Skip pictures in the listing below; copy exactly the lines from the one with "Food Network™ 3.5-qt." through the one with "2002-2003 Nissan Sentra", inclusive.

-----

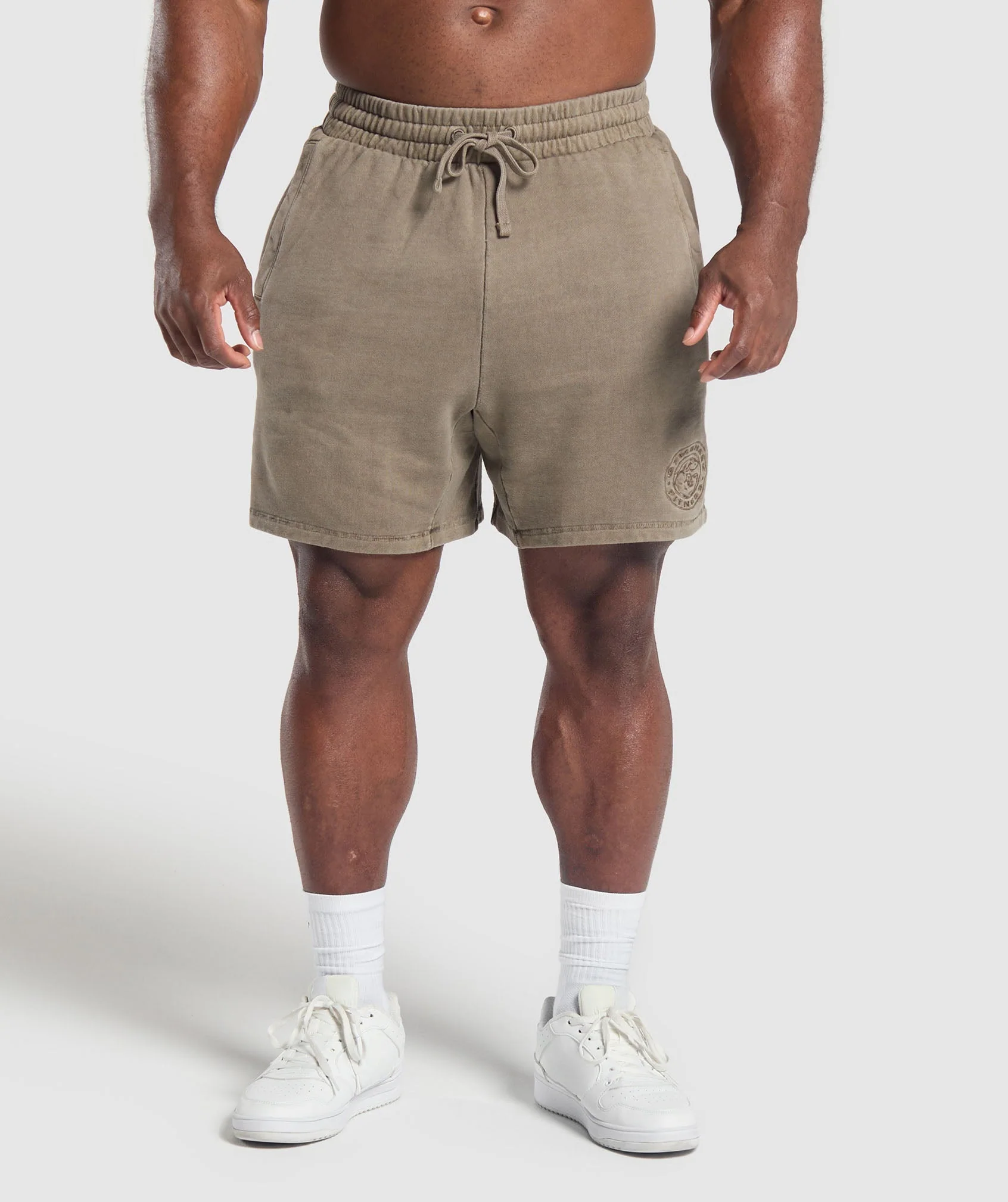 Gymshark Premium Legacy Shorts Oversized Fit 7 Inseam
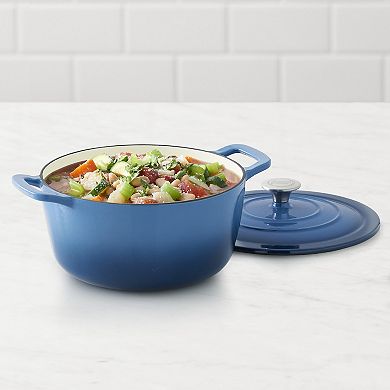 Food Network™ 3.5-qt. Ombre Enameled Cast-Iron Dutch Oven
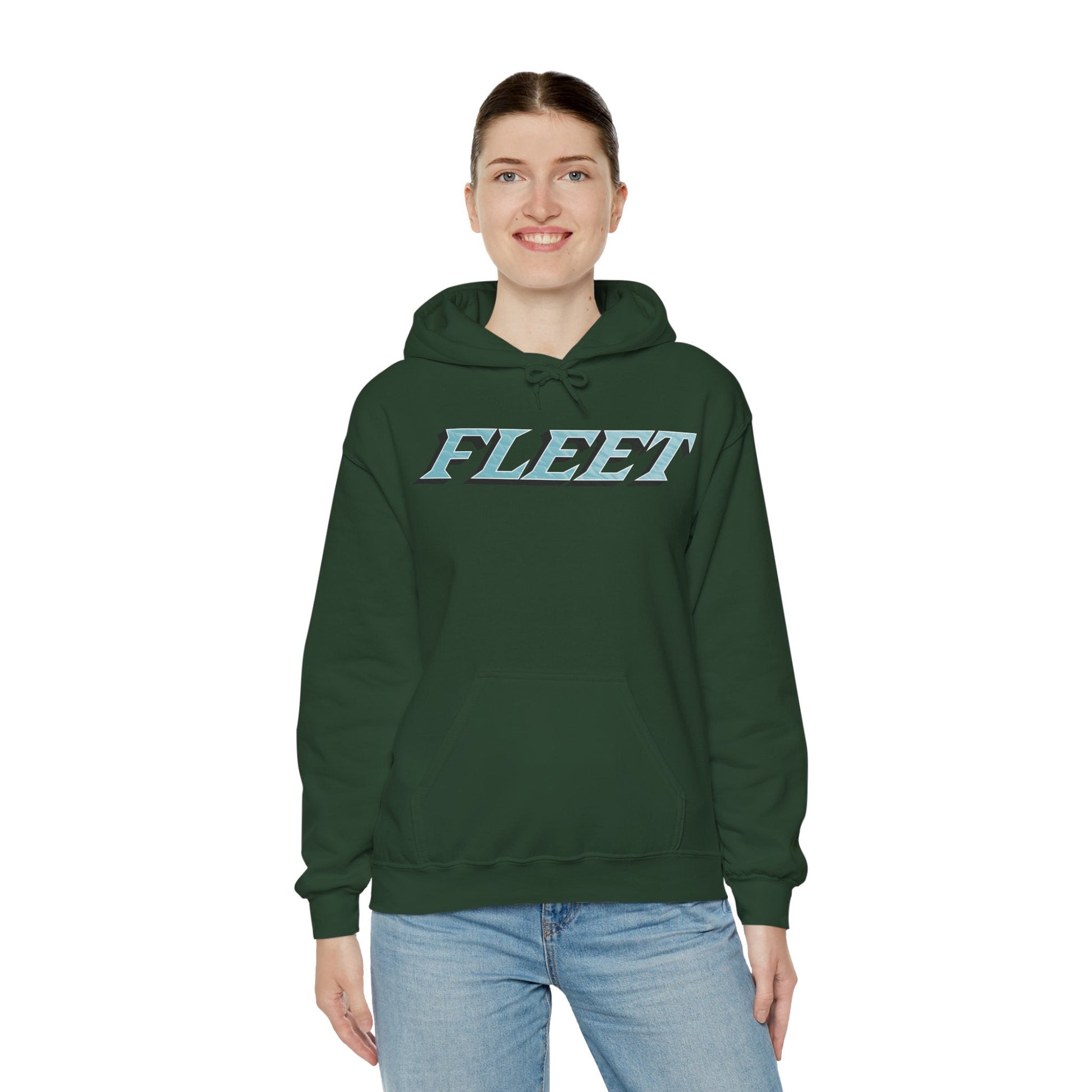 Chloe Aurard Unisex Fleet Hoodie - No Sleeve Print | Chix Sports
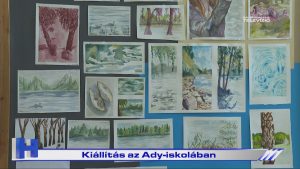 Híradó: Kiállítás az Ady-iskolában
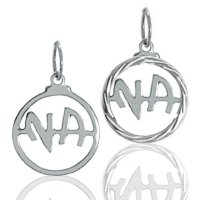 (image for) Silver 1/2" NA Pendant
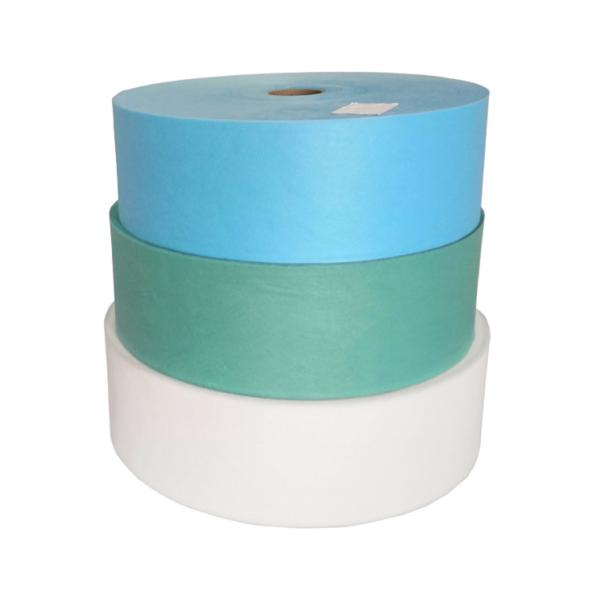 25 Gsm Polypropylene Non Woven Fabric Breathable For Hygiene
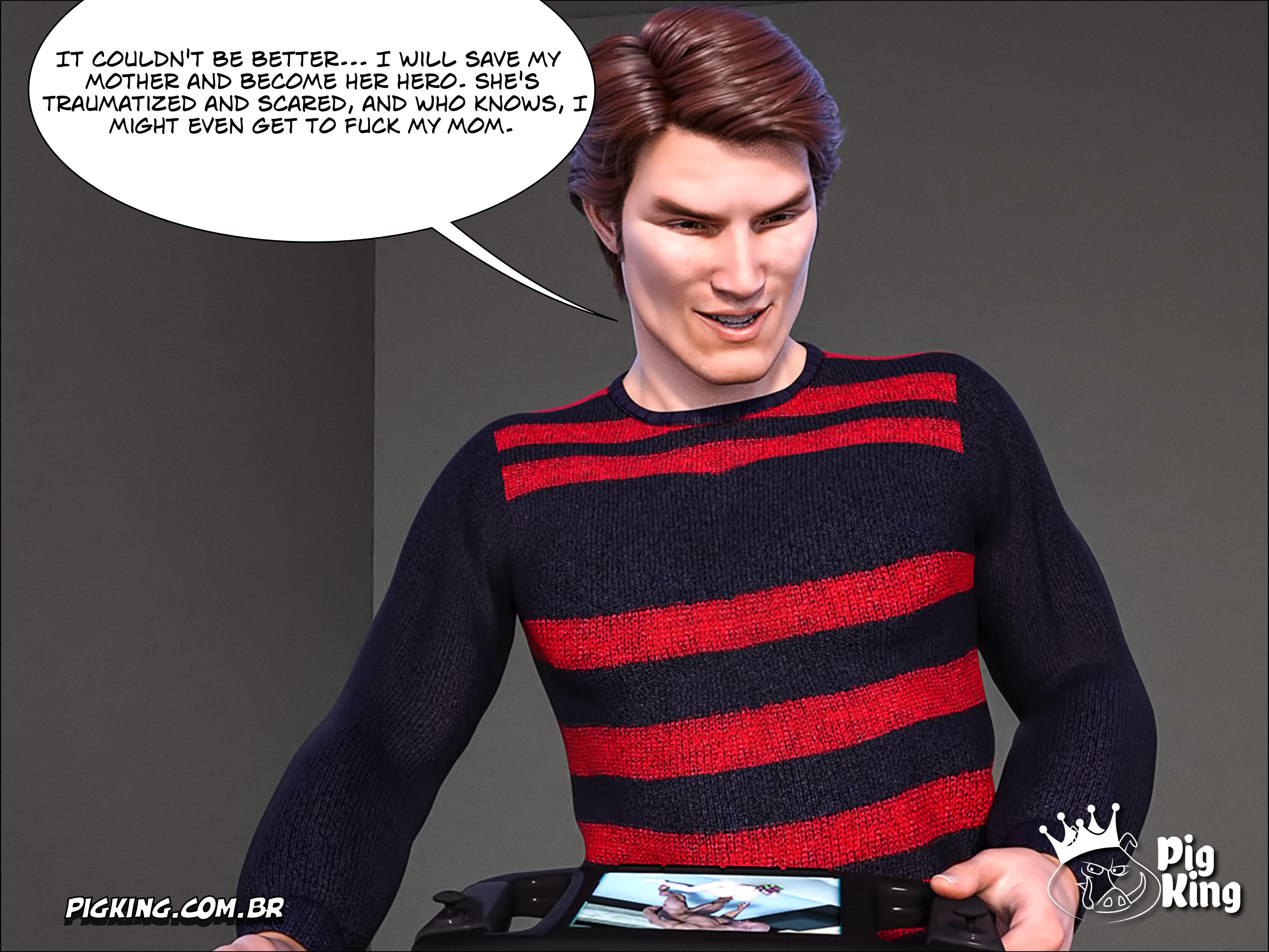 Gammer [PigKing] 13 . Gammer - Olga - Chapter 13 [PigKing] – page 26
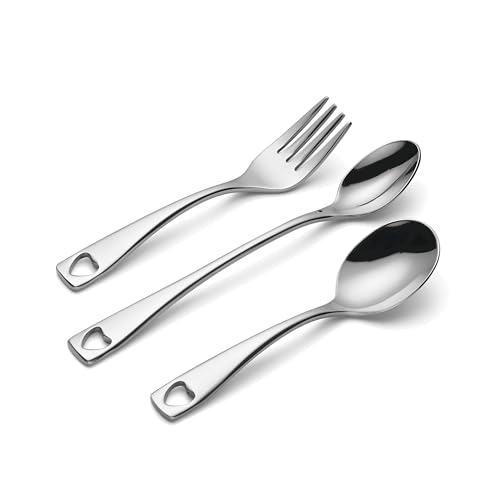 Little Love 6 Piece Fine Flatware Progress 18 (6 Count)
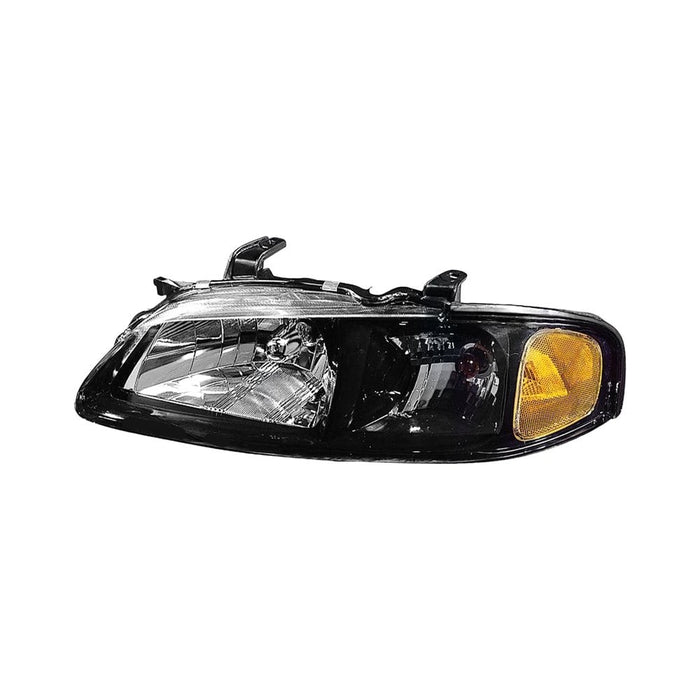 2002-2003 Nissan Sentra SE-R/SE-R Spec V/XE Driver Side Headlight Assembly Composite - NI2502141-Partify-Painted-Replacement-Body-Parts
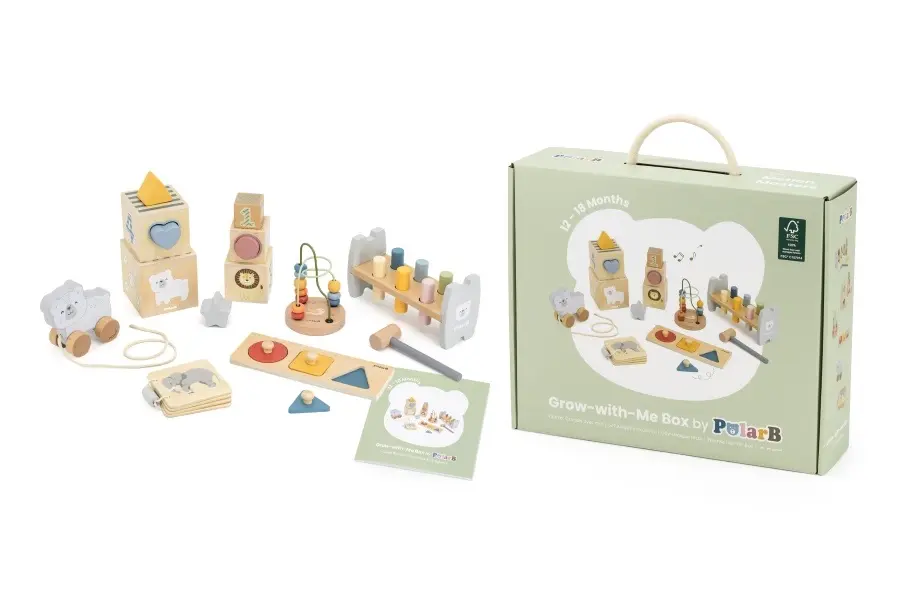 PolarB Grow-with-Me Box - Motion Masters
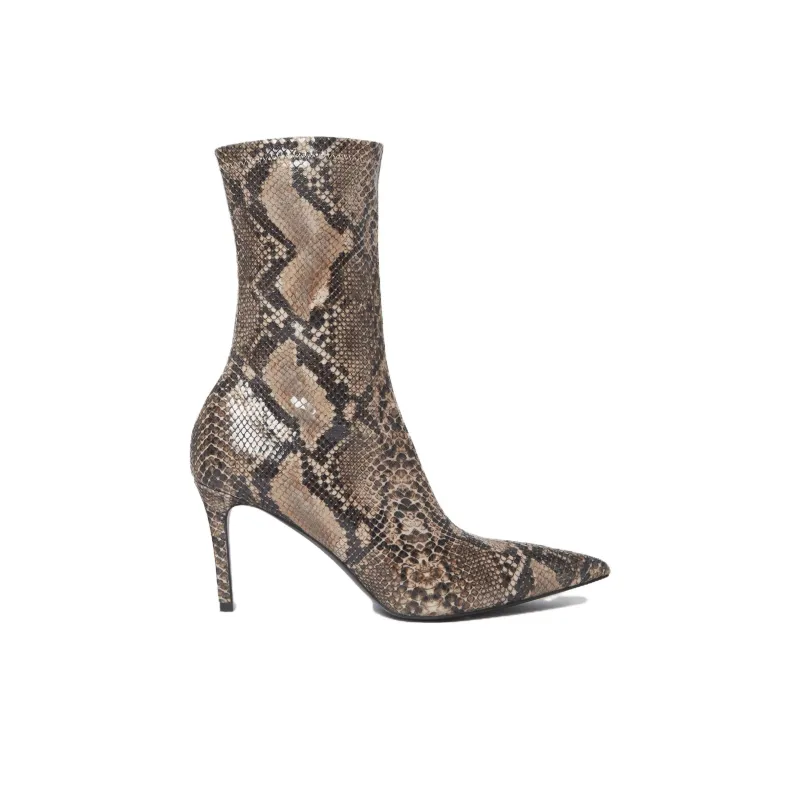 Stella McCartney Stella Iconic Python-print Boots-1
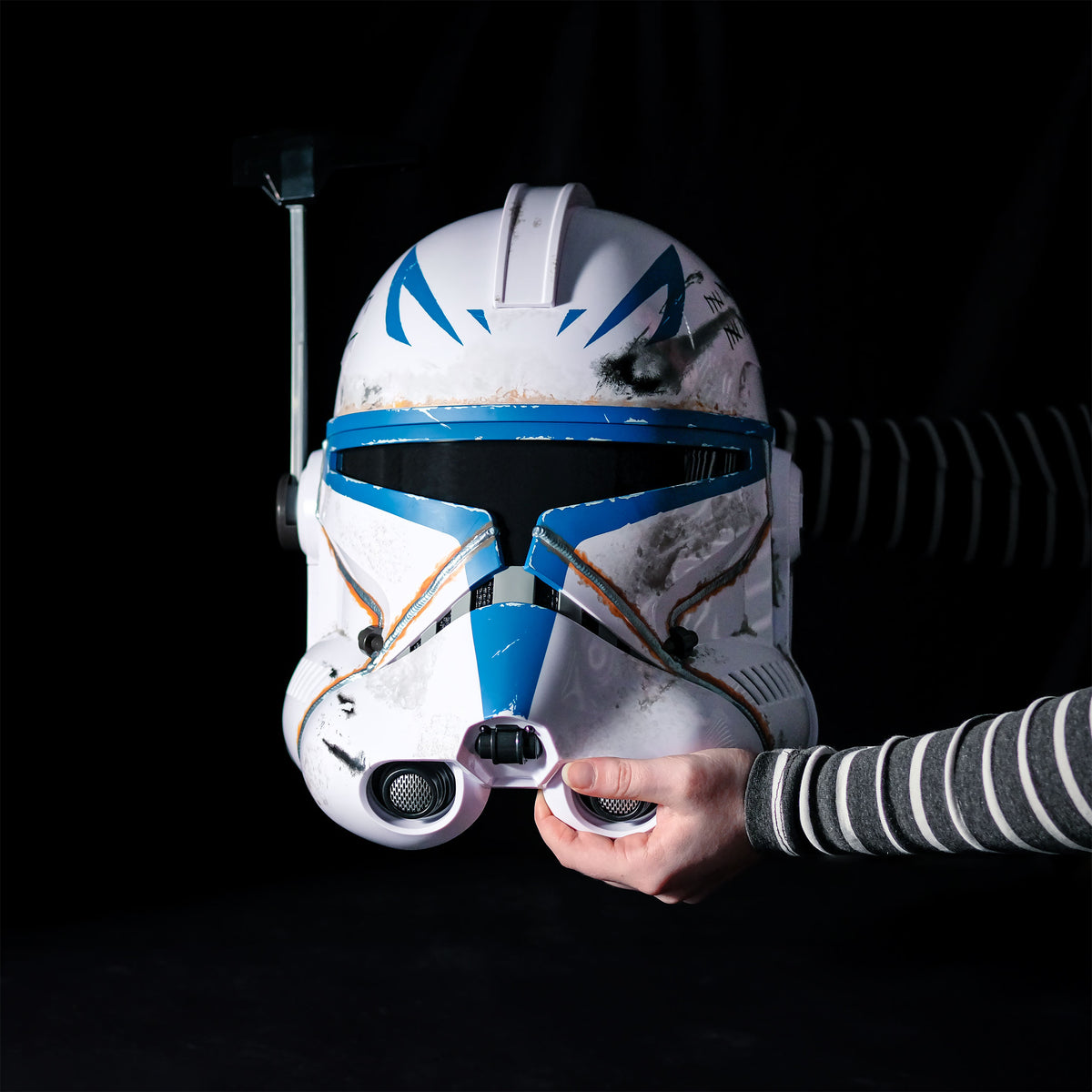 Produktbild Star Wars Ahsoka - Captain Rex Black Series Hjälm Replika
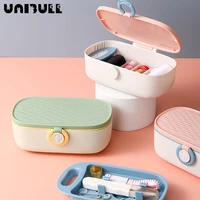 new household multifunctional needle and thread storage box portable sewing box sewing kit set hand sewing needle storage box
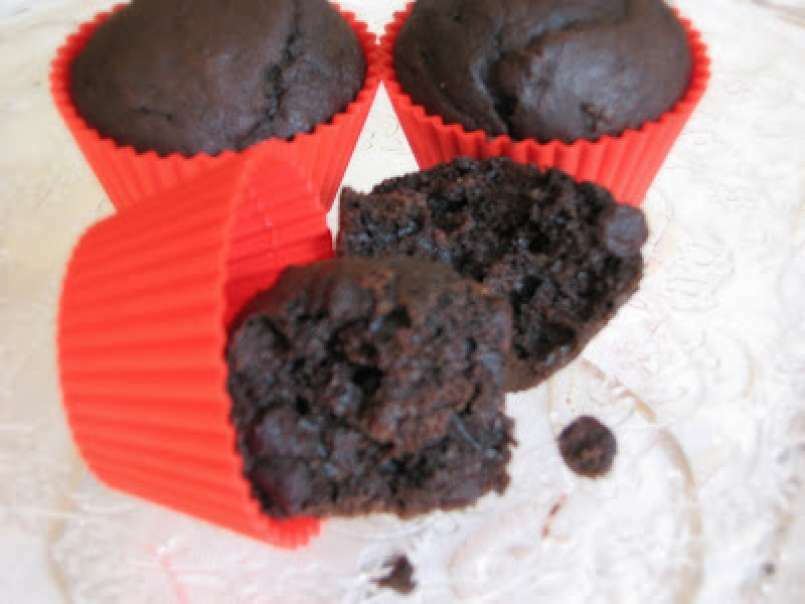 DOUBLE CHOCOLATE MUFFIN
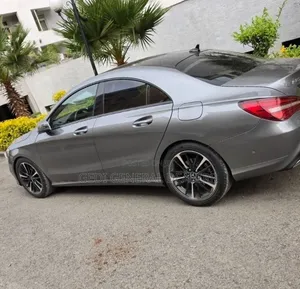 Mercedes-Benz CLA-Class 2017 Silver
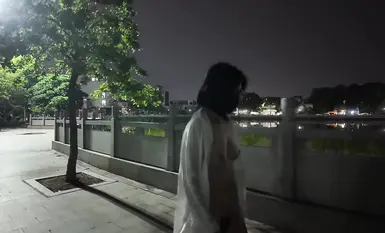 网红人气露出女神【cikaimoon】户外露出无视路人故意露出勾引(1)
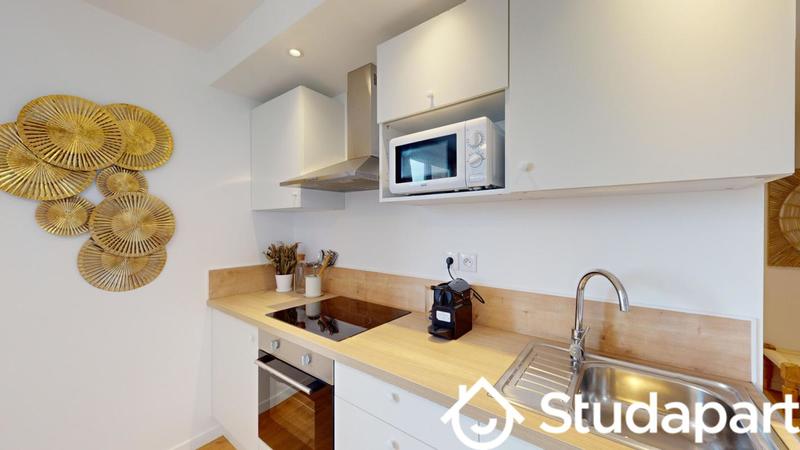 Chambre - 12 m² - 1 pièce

-----

■ Final answer
 Food Network™ 3.5-qt. Ombre Enameled Cast-Iron Dutch Oven
 Chloe Aurard Unisex Fleet Hoodie - No Sleeve Print | Chix Sports
 Híradó: Kiállítás az Ady-iskolában
 (image for) Silver 1/2" NA Pendant
 25 Gsm Polypropylene Non Woven Fabric Breathable For Hygiene
 Gammer [PigKing] 13 . Gammer - Olga - Chapter 13 [PigKing] – page 26
 Little Love 6 Piece Fine Flatware Progress 18 (6 Count)
 2002-2003 Nissan Sentra SE-R/SE-R Spec V/XE Driver Side Headlight Assembly Composite - NI2502141-Partify-Painted-Replacement-Body-Parts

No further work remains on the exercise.